I been using a washboard since I was eight Cutting up the fels-naptha with a paring knife One tub to wash The other to rinse Hanging on the line and then Shaking out the stiff wrinkles In the half-frozen dawn
Sunrise sure looked pretty, All pink and orange and gold I used to shiver but not from the cold Thinking of scrubbing and rubbing My hands raw Bending and stooping As my heart grew old
Not my body though! I knew how beautiful I was But I also knew how Dangerous was love Both the making and bearing of children Lord knows how it rips you up Shreds your most tender parts Screaming bleeding flesh! I don't think about it much And anyway, it ain't always About love - making babies and Soiling clothes
A while back there were six of us In the house With the boys, when they were home Wash day came twice a week then When they brought home That machine, It's true it got a little Easier but it still took me The better part of two days
When the little ones visited, laundry day Was every day I didn't mind then - they Were bright as sunshine those Children No mark of my agony on them
My granddaughter is having her first Baby now and she does complain, There are piles of damp, rumpled Towels, and men's shirts ***** and stained For her to attend to, they Constrain her Conference calls and Computer time - Once I caught her sobbing About the endlessness of it all
And the invisibility! The humiliating impossibility!
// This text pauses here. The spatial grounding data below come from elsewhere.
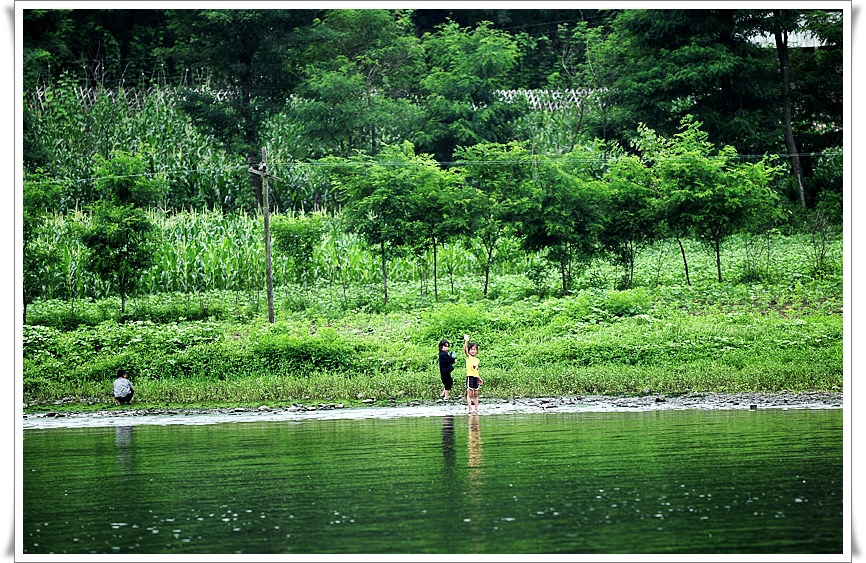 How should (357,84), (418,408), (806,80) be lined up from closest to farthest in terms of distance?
(418,408), (357,84), (806,80)

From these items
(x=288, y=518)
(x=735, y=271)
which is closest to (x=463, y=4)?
(x=288, y=518)

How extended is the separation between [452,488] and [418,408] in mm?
8623

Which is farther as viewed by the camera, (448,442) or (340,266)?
(340,266)

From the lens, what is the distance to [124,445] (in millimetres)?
16562

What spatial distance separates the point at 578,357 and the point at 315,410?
6.25 meters

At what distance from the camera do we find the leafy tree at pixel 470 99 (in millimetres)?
41406

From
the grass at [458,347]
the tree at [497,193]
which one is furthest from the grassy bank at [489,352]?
the tree at [497,193]

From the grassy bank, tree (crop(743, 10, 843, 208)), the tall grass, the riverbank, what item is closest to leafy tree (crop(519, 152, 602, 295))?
the tall grass

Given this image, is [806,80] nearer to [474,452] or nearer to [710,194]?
[710,194]

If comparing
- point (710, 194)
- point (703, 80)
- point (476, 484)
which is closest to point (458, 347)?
point (710, 194)

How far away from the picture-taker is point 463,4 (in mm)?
13984

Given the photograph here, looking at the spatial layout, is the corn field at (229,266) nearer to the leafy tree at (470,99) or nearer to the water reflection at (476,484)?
the leafy tree at (470,99)

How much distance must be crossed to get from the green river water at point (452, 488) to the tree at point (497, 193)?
13973 millimetres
She hasn't even realized it yet But I won't tell her about that, She'll see soon enough There's no quarter for dreams For girlhood Snuffed by that one First scream The one that is stifled In the dark Under his weight The night of the wedding And never heard again
Oh, the centuries of Drudgery I carry in my cells The wails of grandmothers And their dozens of children - The ones who lived Blotting out the memory Of babies who died - All that! For such a short life!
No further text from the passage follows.